My work is informed by the history of landscape painting, from Romanticism through to Post-Impressionism and its contemporary condition. This is alongside landscape’s various manifestations across different media and image cultures.
Since the late 1990s my work has explored the relationship between the intangible, encoded and instantaneous realm of digital technology, and the tactile, flawed and time-consuming medium of painting. Working from low-quality digital photographs and video stills, often gleaned from the internet, I extensively manipulate these images digitally before methodically transcribing them onto the surface of the canvas. My paintings aim to present a paradoxical visual realm, where shimmering pixels and physical brushstrokes coalesce. This brings into frame questions about the status of the image as tangible surface (painting) in the face of the digital screen’s apparent ubiquity, where its increasingly high definition and contrast ratio tends to blind the viewer to its mediating presence.
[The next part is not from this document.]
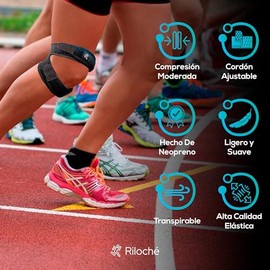 Rodillera deportiva ajustable. Rodillera con soporte de rotula. Rodilleras voleibol, corredores, futbol, rodilleras crossfit. Rodillera elastica...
I have exhibited nationally and internationally since graduating from Goldsmiths College in 1990. I completed a PhD at Kingston University in 2012, which included the exhibition Screen as Landscape at the Stanley Picker Gallery. Recent group shows include Film in Space at Camden Arts Centre (2012) and Seeing Round Corners at Turner Contemporary, Margate (2016). In 2017 The Broadway Gallery, Letchworth Garden City, hosted my solo show The Walk to the Paradise Garden.
I have given artist talks at around thirty art colleges and written papers for symposia at a range of institutions. I have also contributed features and reviews for a various publications, including The Journal of Contemporary Painting and The Moving Image Review & Art Journal.